22 Toen zeide de andere vrouw: Neen, maar die levende is mijn zoon, en de dode is uw zoon; gene daarentegen zeide: Neen, maar de dode is uw zoon, en de levende is mijn zoon! Alzo spraken zij voor het aangezicht des konings.
Então disse a outra mulher: Não, mas o vivo é meu filho, e teu filho o morto. Porém esta disse: Não, por certo, o morto é teu filho, e meu filho o vivo. Assim fallaram perante o rei
23 Toen zeide de koning: Deze zegt: Dit is mijn zoon, die leeft, maar uw zoon is het, die dood is; en die zegt: Neen, maar de dode is uw zoon, en de levende mijn zoon.
Então disse o rei: Esta diz: Este que vive é meu filho, e teu filho o morto; e esta outra diz: Não, por certo; o morto é teu filho e meu filho o vivo.

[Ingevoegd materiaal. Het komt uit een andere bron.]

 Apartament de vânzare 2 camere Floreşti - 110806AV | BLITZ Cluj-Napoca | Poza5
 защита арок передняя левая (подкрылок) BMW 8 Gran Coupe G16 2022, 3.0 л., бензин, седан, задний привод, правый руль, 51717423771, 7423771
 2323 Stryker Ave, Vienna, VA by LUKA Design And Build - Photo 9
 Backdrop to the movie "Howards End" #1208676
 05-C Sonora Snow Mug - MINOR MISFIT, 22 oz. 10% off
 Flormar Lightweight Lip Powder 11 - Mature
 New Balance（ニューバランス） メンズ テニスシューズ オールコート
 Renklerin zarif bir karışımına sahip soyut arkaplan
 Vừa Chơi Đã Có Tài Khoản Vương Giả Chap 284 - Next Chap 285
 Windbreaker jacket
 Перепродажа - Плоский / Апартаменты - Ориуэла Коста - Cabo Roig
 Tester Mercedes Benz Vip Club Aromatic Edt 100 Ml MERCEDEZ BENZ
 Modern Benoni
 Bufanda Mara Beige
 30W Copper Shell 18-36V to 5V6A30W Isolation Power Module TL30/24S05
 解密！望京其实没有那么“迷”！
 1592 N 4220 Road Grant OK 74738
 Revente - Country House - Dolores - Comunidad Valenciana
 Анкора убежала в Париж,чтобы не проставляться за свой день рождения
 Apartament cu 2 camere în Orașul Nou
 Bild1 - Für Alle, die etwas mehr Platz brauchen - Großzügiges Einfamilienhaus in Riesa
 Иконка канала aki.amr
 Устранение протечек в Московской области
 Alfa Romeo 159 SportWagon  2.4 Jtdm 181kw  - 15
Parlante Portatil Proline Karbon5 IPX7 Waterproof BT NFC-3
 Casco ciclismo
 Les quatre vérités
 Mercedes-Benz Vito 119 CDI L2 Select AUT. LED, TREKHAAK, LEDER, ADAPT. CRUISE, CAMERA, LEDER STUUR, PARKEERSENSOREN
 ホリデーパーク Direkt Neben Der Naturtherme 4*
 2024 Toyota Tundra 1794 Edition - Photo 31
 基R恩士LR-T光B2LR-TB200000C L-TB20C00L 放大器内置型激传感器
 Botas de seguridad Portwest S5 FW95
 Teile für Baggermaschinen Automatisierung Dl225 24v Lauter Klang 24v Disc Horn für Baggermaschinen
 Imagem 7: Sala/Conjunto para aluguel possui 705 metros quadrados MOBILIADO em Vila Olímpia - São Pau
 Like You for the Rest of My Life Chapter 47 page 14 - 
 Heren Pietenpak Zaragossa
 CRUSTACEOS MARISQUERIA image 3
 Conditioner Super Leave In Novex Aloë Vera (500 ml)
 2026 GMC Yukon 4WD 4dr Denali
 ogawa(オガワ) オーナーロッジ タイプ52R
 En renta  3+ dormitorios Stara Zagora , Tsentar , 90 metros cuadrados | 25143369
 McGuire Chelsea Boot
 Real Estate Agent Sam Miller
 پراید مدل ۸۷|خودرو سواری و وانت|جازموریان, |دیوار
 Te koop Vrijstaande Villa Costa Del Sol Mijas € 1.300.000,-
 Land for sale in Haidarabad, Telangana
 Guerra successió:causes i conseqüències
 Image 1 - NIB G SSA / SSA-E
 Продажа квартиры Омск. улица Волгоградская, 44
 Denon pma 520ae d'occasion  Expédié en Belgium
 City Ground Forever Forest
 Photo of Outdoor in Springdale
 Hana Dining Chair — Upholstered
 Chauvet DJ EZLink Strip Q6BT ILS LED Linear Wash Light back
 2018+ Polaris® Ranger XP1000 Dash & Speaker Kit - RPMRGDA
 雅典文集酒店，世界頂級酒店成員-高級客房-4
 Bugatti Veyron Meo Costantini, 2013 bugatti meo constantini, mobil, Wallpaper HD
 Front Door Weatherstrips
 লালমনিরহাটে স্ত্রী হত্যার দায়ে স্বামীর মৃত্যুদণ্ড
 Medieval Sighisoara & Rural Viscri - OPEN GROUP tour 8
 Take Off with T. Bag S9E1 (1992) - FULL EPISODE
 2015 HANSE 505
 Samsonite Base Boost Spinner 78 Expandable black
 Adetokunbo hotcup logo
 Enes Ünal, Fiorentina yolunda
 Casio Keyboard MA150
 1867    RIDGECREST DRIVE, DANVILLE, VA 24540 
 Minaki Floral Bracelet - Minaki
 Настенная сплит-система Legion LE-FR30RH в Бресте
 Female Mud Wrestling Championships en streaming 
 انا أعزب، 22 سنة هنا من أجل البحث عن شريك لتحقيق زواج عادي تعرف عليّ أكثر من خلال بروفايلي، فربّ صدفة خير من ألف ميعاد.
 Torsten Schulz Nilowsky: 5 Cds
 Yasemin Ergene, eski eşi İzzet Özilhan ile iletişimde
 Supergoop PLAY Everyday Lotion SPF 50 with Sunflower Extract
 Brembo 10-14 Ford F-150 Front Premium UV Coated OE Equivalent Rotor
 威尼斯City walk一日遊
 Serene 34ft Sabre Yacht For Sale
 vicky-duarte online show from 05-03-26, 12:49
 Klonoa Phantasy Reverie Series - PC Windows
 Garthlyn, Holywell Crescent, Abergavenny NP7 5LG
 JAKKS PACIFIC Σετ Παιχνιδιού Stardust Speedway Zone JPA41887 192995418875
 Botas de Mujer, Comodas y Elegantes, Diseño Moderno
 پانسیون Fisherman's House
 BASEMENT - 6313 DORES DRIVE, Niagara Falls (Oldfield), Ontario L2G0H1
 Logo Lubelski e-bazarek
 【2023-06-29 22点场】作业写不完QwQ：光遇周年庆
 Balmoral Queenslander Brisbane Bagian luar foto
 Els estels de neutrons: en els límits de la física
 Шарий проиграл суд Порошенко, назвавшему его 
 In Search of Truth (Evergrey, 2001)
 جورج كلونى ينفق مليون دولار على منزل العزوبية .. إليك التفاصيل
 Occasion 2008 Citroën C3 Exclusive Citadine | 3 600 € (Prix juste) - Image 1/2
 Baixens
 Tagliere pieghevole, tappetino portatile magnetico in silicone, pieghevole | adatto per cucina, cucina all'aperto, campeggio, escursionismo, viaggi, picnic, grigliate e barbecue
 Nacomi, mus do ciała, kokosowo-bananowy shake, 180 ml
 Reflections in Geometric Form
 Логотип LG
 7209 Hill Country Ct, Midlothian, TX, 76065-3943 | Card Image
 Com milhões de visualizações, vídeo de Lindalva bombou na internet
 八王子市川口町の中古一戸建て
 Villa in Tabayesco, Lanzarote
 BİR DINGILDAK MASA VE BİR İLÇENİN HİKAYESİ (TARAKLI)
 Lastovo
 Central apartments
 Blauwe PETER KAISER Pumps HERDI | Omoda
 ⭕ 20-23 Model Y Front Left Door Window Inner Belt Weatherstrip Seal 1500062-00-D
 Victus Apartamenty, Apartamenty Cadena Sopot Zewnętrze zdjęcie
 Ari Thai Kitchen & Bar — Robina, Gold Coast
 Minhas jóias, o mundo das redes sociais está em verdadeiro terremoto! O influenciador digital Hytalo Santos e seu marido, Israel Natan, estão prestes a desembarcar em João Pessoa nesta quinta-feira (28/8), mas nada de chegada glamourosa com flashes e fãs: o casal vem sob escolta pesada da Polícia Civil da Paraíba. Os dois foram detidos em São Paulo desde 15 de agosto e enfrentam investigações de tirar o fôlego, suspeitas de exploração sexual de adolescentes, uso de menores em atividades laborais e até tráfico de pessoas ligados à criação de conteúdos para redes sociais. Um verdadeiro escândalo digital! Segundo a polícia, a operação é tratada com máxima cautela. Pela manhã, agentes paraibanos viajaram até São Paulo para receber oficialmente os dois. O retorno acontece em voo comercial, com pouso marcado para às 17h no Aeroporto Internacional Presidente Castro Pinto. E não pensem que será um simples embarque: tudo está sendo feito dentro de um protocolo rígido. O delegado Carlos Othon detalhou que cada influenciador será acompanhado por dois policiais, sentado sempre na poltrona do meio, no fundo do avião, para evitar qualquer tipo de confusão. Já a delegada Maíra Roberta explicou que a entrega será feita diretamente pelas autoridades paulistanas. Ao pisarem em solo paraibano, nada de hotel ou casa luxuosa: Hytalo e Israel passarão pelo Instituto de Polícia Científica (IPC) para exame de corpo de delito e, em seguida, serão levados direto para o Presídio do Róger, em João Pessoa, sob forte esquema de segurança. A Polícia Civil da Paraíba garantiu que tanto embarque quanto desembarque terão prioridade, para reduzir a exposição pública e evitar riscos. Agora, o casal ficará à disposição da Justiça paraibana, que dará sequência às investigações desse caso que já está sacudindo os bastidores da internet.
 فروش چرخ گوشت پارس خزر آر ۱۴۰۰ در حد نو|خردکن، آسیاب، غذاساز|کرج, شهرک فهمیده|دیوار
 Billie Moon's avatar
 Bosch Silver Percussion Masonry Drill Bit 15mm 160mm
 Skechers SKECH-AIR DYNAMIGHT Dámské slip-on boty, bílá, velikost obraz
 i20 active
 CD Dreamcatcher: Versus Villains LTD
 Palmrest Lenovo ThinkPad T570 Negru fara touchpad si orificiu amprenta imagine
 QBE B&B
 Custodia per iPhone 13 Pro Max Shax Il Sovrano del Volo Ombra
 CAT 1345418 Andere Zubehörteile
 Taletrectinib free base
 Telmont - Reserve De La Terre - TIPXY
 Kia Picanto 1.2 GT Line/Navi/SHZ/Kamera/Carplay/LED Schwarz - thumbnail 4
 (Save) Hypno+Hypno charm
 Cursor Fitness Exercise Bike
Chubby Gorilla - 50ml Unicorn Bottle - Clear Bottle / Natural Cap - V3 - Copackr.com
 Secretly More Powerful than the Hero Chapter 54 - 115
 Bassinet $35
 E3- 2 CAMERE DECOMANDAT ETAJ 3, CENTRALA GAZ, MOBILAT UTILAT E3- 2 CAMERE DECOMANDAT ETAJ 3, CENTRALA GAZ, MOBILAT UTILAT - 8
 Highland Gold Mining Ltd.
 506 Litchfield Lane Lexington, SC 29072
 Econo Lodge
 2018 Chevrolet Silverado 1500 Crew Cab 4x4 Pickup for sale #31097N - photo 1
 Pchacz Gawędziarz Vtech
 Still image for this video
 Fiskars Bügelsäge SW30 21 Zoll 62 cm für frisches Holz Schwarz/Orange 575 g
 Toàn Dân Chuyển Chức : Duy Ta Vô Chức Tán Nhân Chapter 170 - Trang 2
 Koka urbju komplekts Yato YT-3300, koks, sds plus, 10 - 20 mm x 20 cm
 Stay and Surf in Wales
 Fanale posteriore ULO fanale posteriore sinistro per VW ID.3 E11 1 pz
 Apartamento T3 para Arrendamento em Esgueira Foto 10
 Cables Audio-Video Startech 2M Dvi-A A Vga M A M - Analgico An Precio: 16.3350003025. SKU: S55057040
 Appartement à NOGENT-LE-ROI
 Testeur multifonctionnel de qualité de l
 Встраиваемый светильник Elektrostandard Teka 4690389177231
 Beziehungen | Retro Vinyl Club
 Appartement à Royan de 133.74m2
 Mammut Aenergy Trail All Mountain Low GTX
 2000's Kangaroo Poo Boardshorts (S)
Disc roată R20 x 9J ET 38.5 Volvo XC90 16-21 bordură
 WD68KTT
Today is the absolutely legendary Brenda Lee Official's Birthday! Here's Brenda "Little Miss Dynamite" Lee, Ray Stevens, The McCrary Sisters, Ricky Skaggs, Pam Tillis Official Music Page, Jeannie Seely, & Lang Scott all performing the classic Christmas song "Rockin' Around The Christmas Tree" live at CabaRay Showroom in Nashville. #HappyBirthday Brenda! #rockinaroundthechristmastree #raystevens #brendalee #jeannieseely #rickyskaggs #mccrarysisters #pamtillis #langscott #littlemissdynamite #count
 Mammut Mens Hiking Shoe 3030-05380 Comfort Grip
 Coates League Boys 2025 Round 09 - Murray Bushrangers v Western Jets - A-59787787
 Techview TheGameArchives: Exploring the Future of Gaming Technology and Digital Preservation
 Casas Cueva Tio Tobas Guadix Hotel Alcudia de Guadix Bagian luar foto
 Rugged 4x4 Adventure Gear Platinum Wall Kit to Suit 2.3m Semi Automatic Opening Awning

24 Verder zeide de koning: Haalt mij een zwaard; en zij brachten een zwaard voor het aangezicht des konings.
Disse mais o rei: Trazei-me uma espada. E trouxeram uma espada diante do rei.
25 En de koning zeide: Doorsnijdt dat levende kind in tweeen, en geeft de ene een helft, en de andere een helft.
E disse o rei: Dividi em duas partes o menino vivo: e dae metade a uma, e metade a outra.
26 Maar de vrouw, welker zoon de levende was, sprak tot den koning (want haar ingewand ontstak over haar zoon), en zeide: Och, mijn heer! Geef haar dat levende kind, en dood het geenszins; deze daarentegen zeide: Het zij noch het uwe noch het mijne, doorsnijdt het.
Mas a mulher, cujo filho era o vivo, fallou ao rei (porque as suas entranhas se lhe enterneceram por seu filho), e disse: Ah! senhor meu, dae-lhe o menino vivo, e por modo nenhum o mateis. Porém a outra dizia: Nem teu nem meu seja; dividi-o antes.
27 Toen antwoordde de koning, en zeide: Geeft aan die het levende kind, en doodt het geenszins; die is zijn moeder.
Então respondeu o rei, e disse: Dae a esta o menino vivo, e de maneira nenhuma o mateis, porque esta é sua mãe.
28 En geheel Israel hoorde dat oordeel, dat de koning geoordeeld had, en vreesde voor het aangezicht des konings; want zij zagen, dat de wijsheid Gods in hem was, om recht te doen.
E todo o Israel ouviu o juizo que julgara o rei, e temeu ao rei: porque viram que havia n'elle a sabedoria de Deus, para fazer justiça.